No particles, no bubbles. I'm always amazed that I can look through my tanks lengthwize and it's like there is no water. Providing, of course, the glass is algae-free.


----------



## KaiserSousay (Nov 2, 2008)

*No particles, no bubbles*

Like fish, floating in air...
Crystal Clear
When you got it, Mmmmmmmm...
You`ll love it.


----------



## Afishionado (Jun 6, 2006)

KaiserSousay said:


> *No particles, no bubbles*
> 
> Like fish, floating in air...


Exactly! When your guests tell you the only way they know there is water in there is because they see fish.


----------



## Cento (Mar 30, 2005)

OOOOoooooohhhhh..... My wife hates it when people come over and gush with compliments and praise on the clarity and beauty of my tanks... Especially when its her girlfriends.... :roll: :lol: :lol:


----------



## highflyingk9 (Nov 2, 2009)

I have head great success achieving crystal clear water by using purigen, when i only used a fluval 405 for filtration. since then i have installed an ac70 in addition, but now my water is full of bubbles from the agitation. I know the agitaion is not a bad thing, but how do all of you with hob filters obtain that crystal clear look?


----------



## DJRansome (Oct 29, 2005)

If your water level is high enough, the filter water just sort of slides in rather than pounding in. I only get bubbles when evaporation has lowered the water level too much.


----------



## dwarfpike (Jan 22, 2008)

No ones mentioned coloration ... ie that nasty yellow water you can get from too much disolved organics in the water.


----------



## steelers fan (Jun 26, 2009)

my water is crystal clear and i define that as no color to the water when looking lengthwise throught the tank...theres always something floating in the watercolumn. if i look at a picture and then look at it at the end of the tank lengthwise theres no difference in the picture and i can see it clearly...crystal clear


----------



## jfly (Feb 17, 2009)

the ONLY tank that i have that is "crystal clear" is my 150 tall. with a 30 gallon sump. and against the grain here.. you know how i got it?!?! by REDUCING my water changes to once a month and only topping it off biweekly.. get mad if you want but it is as clear from the sides as it is the front and my parameters are very rarely anything but perfect.. i DID however change my pumps from a rio 2500 to another that moves at nearly 1100 gph. im sure ill catch flack for posting but its the truth.. my "obsession" kinda wore off, that's why I havent posted here in a while and by leaving my tank alone my fish colored up and water went completely "crystal clear"


----------



## fox (Jun 11, 2009)

jimbofish said:


> In aquarium terms, what is "crystal clear"?
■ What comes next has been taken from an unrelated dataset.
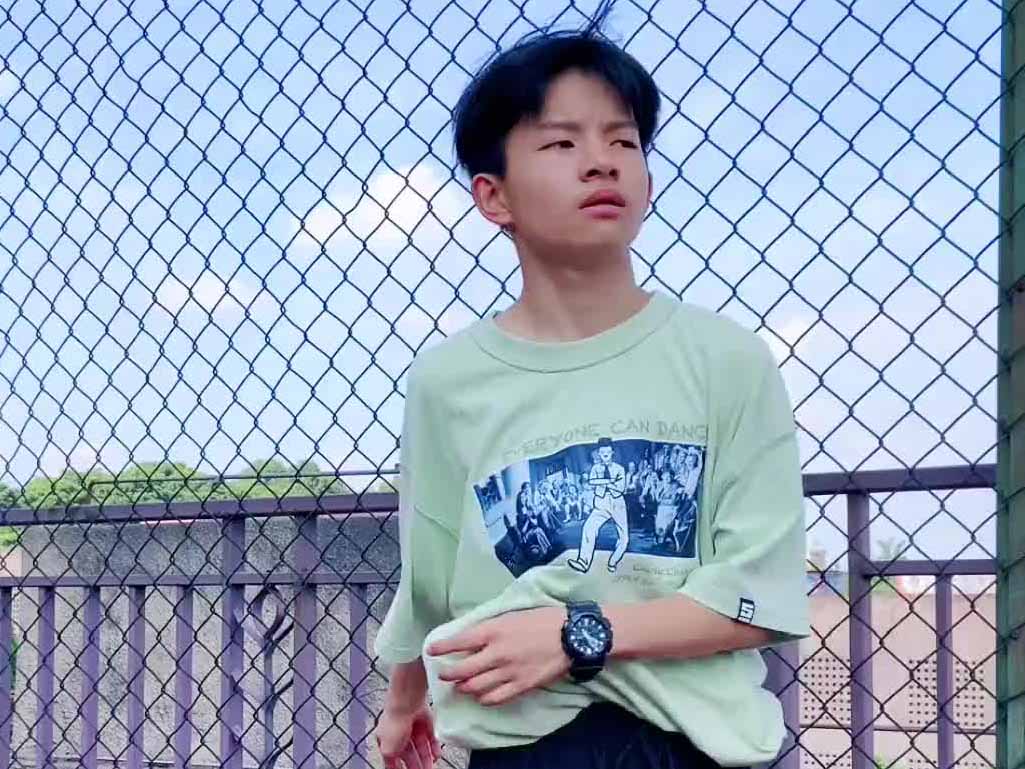 新闻资讯 | 从叛逆少年到阳光学子：专业教育咨询如何引导青春期的正确航向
Run a UV and then leave the diatom filter overnight. You will be surprised how much clearer your crystal clear tank becomes.


----------



## Number6 (Mar 13, 2003)

jfly said:


> you know how i got it?!?! by REDUCING my water changes to once a month and only topping it off biweekly..


 I believe it... you'd be amazed what is in some tap water! 
Nutrients galore...

My tank water on my reef tank got cleared up considerably when I removed my filter socks... go figure that one out! For some odd reason, the reef tank thrives when I leave socks off for one week about every 2 to 3 months...

Crystal Clear water is not something that I can think of one single "rule" to acheive.


----------



## jfly (Feb 17, 2009)

lol number6 thanks for not bashing me.. so you are a reefer as well.. I am just getting started maybe i can pm you for some info, NOT to hijack post::

I have also noticed that for that crystal clear look, I have introduced some java fern into sump with lighting kinda acting as a refugium.. youll see drastic changes with minimal plant life.. they do more than bottles of nitrate remover, actually dont even use my uv sterilizer anymore since i put plant life in sump. :thumb:


----------